NO WRITER ATTRIBUTED

About a score of years ago the heart of Harvard University was torn with maddened anguish. A Radcliffe lady--Mrs. Ride Johnson Young--had perpetrated a play called "Brown of Harvard." It was like nothing the staid precincts of the Harvard Yard had ever seen or hoped to see. Conservative alumni gnashed their teeth in impotent frenzy. Undergraduates, not conservative at all, greeted the Boston opening of the play with senescent garden produce.

The fate of "brown of Harvard," when it appeared in a revival a short time later as a musical comedy, was little happier. On this occasion, the resourceful undergraduate abandoned vegetables for alarm clacks, and pretty chorus ladies were driven off the stage in a panic by a barrage of time pieces. "Brown of Harvard" was thereafter permitted to slumber for several years, until at last a movie producer nosed it out.

It was with a shock that Harvard learned, the other day, that the thing they thought dead had come to life again. And what a life. The whole freshman class arrives at Cambridge on one subway train, all playing ukuleles, all munching apples, according to the saddened reviewer of the Harvard CRIMSON. All the street and traffic signs in Hollywood must have been requisitioned to adorn the students rooms. California cactus hedges are interspersed among a few authentic Harvard scenes.

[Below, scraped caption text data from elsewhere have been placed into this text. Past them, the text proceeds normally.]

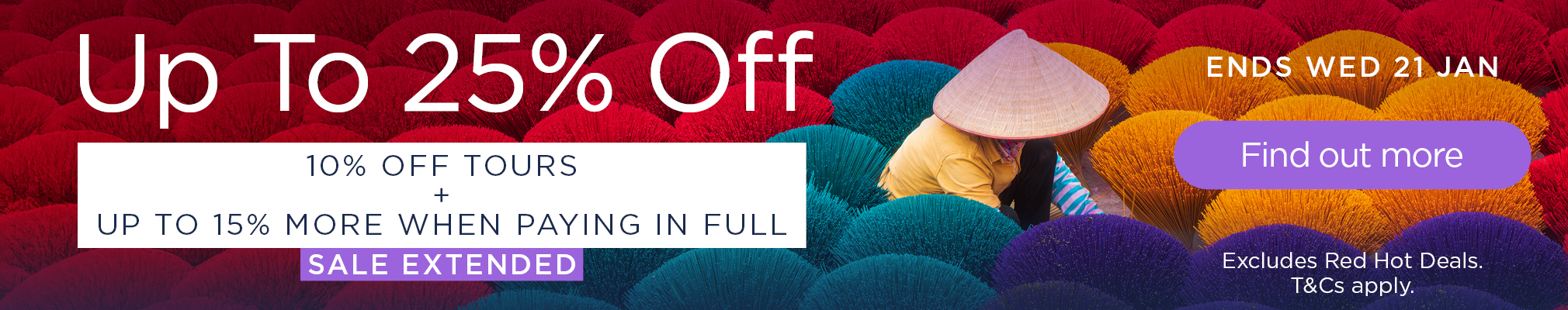 up-to-25-pif-extension-15-21-jan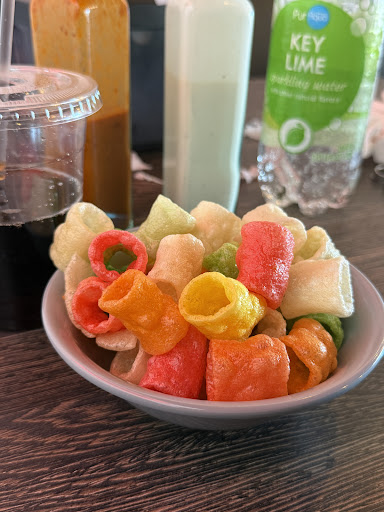 Photo of Vasco's Peri Peri ARLINGTON HEIGHTS - 1313 E Rand Rd, Arlington Heights, IL 60004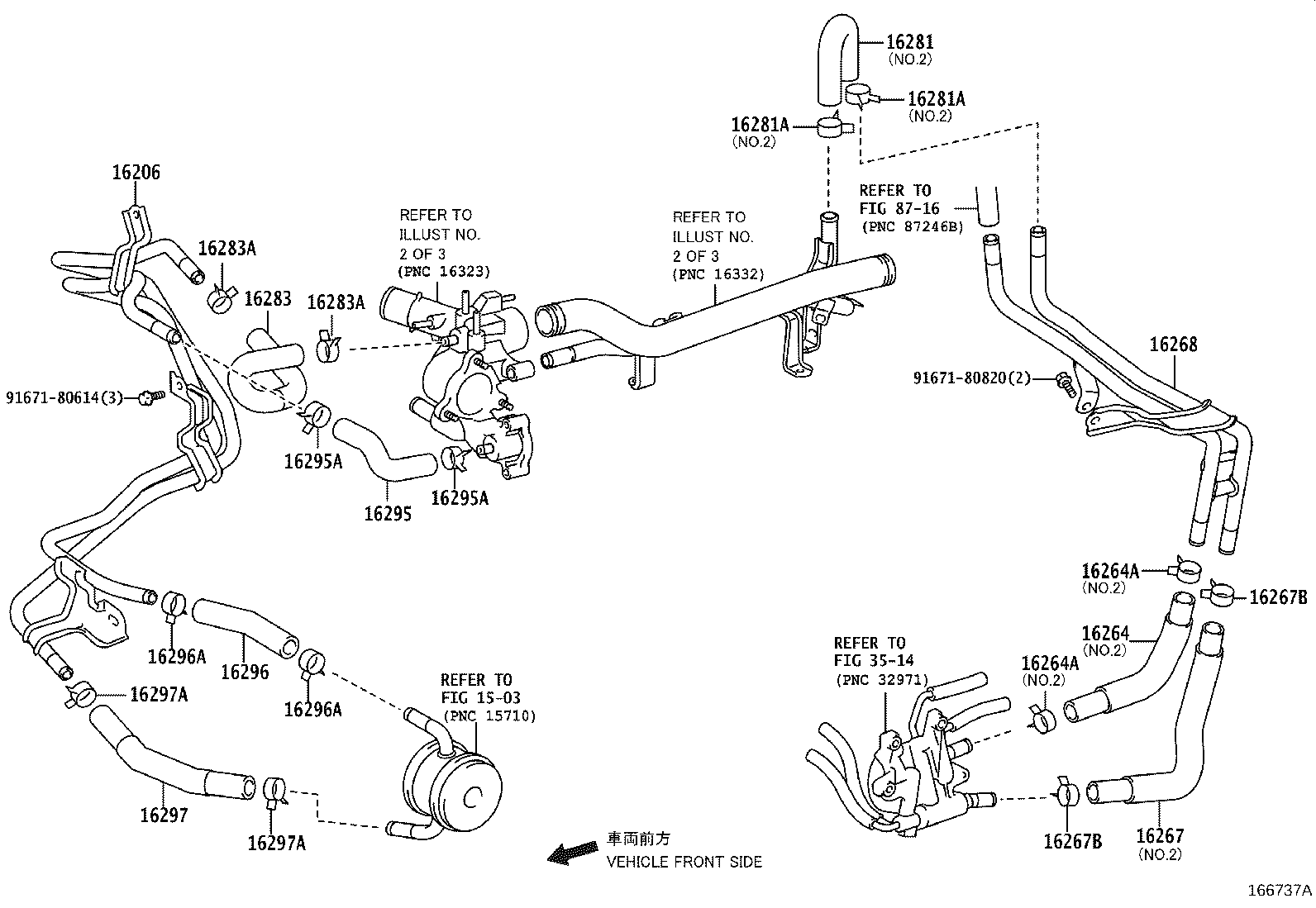 Figure 166737A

Unkindest cut of all, it was a Yale man Donald Ogden Stewart of Yale who adapted the original "Brown" to the screen. Written by Radcliffe, revamped by Yale. Any one knowing what a Harvard student thinks of these two contemporary centers of learning will not wonder that the CRIMSON reviewer, while realizing the futility of bombarding the inanimate screen, still holds that the projection of even a strictly fresh egg would help tremendously in relieving the feelings. Chicago Tribune.